• What this means for Nigeria
Matilda Omonaiye/
The World Trade Organisation, led by Nigeria’s Ngozi Okonjo-Iweala, has warned that artificial intelligence could make rich countries richer while leaving poorer nations further behind.
Its new report says AI could boost global trade in goods and services by nearly 40 percent by 2040, but income growth in wealthier countries is projected to reach about 14 percent, compared to just 8 percent in poorer economies.
If developing nations manage to close even half of their digital infrastructure gap, the picture changes, with potential income growth climbing to around 15 percent.
But that will require major investments in internet access, reliable power, data centres, and digital skills, areas where many African countries, including Nigeria, still lag.
For ordinary Nigerians, the gap is easy to see.
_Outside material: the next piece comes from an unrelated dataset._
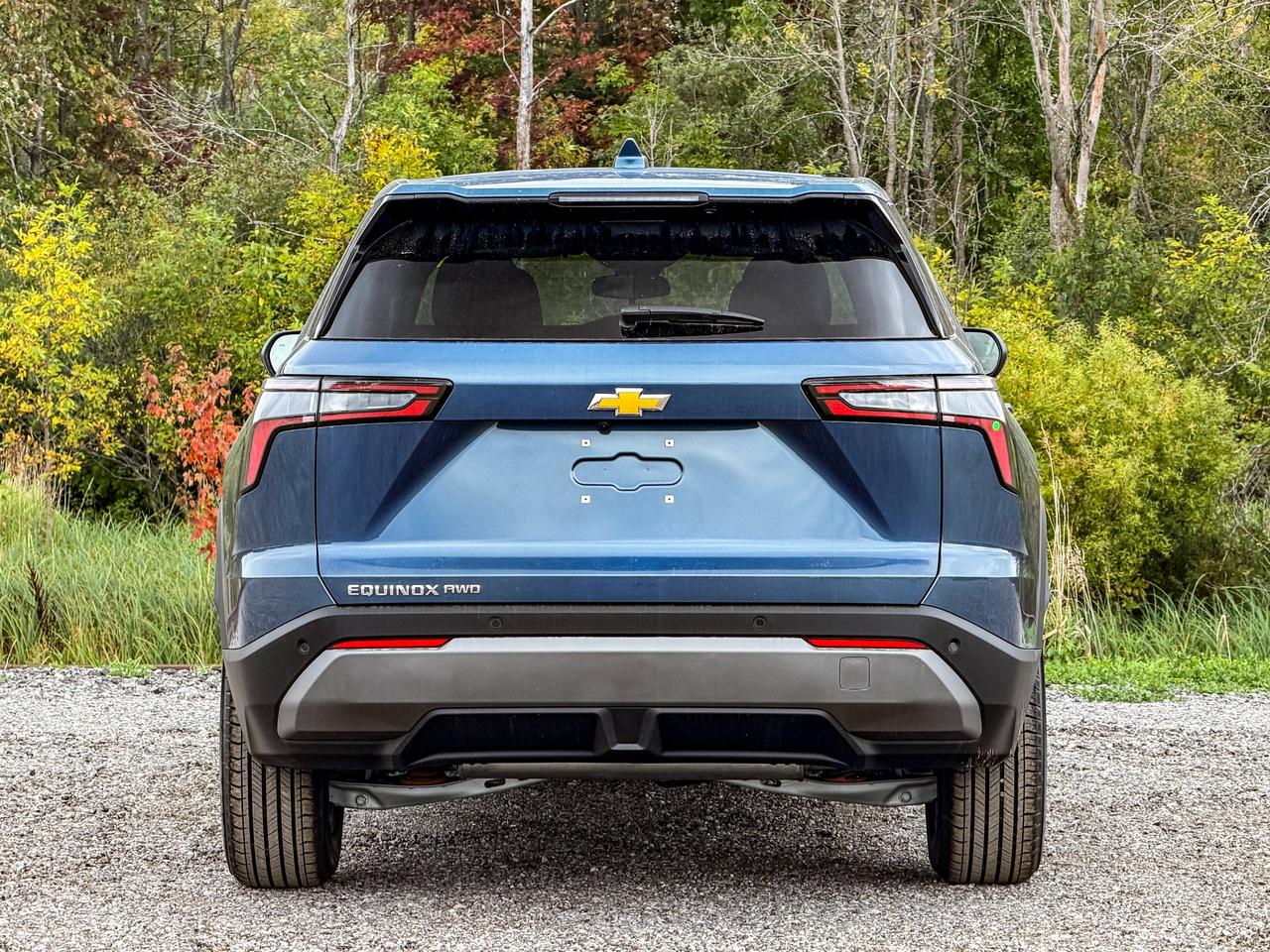 2027 Chevrolet Equinox AWD LT Photo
Only about half the population is online, data-centre capacity remains very limited, and AI investment is still a fraction of global spending.
Without stronger infrastructure and targeted policies, Nigeria risks being mostly a buyer of foreign-made AI products rather than a builder of homegrown solutions.
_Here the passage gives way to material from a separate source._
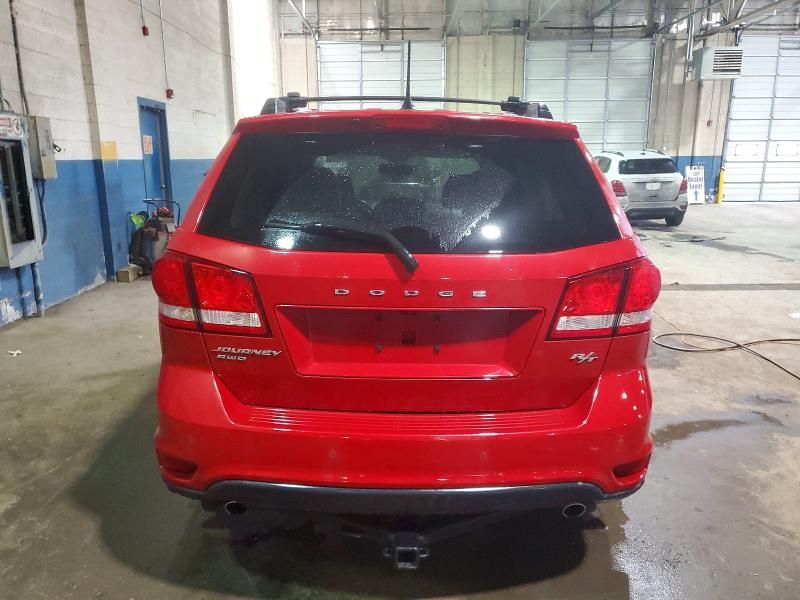 2016 Dodge Journey R/T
That could mean missed opportunities for young tech talents, small businesses, and even schools that might otherwise use AI tools to improve learning and productivity.
The WTO report also points to a wider structural problem, which is that most of the world’s computing power and chip production are controlled by a handful of companies in richer nations, making it harder for poorer countries to compete.
In Africa, the gap is even deeper, with the African Development Bank estimating that the continent faces an annual infrastructure financing shortfall of more than US$400 billion.
Okonjo-Iweala has urged governments not to ignore these risks.
She said investment in education, skills, and digital systems is essential if poorer nations are to benefit from AI’s opportunities instead of watching inequality grow wider.